Some of the most politically influential conservative Christians in the U.S., alarmed by the prospect of a Republican presidential nominee who supports abortion rights, are considering backing a third-party candidate.

More than 40 Christian conservatives attended a meeting Saturday in Salt Lake City to discuss the possibility, and planned more gatherings on how they should move forward, according to Richard A. Viguerie, the direct-mail expert and longtime conservative activist.

Other participants in the meeting included James Dobson, founder of the Focus on the Family evangelical ministry in Colorado Springs, Colorado, and, according to Viguerie, Tony Perkins, head of the Family Research Council, a conservative policy group in Washington.

However, Dobson spoke out against the idea of a third party even if "both Democratic and Republican nominees are known to be entirely unsupportive of the sanctity of human life, the institution of marriage and other aspects of the pro-moral agenda," according to Gary Schneeberger, a spokesman for Focus on the Family Action.

A spokesman for Perkins did not respond to requests for comment Monday.

Viguerie would not give specifics of the proposal or reveal additional names of participants, but said President George W. Bush "would not have been elected in '04 without the people in that room."

"There is such jaundiced feelings about any promises or commitments from any Republican leaders," he said in a phone interview. "You could almost cut the anger and the frustration with a knife in that room it's so strong. Because they don't know what else to do, they're talking third party."

A spokesman for the Republican National Committee did not respond to a request for comment.

The participants were in Salt Lake City for a separate meeting of the secretive Council for National Policy, a group of conservative business, religious and political leaders that was co-founded years ago by Tim LaHaye, author of the "Left Behind" series of books. Vice President Dick Cheney flew into the city Friday to address the group, according to The Salt Lake Tribune.

Christian conservatives, who hold considerable sway in the Republican Party, have been deeply unhappy about the field of Republican presidential candidates.
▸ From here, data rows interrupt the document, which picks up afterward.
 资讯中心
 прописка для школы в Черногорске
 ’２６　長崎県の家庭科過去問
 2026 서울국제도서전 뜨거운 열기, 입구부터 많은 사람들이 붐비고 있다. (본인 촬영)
Dobson has said he would not support Rudy Giuliani, calling the former New York mayor an "unapologetic supporter of abortion on demand." Dobson has also rejected former Tennessee Sen. Fred Thompson as wrong on social issues, and would not back John McCain because of the Arizona senator's opposition to a constitutional amendment banning same-sex marriage.

Viguerie said conservatives "are still open" to former Massachusetts Gov. Mitt Romney, but said, "we haven't seen anything that guarantees that he will hold to the positions that he's articulating." Romney has been questioned about his record on gay rights.

However, the proposal to consider a third-party candidate comes from anger that the Republicans whom Christians have helped elect for decades have failed to act on policy issues important to evangelicals on abortion, marriage and school prayer.

"Conservatives have been treated like a mistress as long as any of us can remember," Viguerie said. "They'll have lots of private meetings with us, tell us how much they appreciate it and how much they value us, but if you see me on the street please don't speak with me."

A third-party run would be a long shot, requiring millions of dollars and challenges to ballot access. Such a bid could prove disastrous for the Republicans by splitting the conservative vote.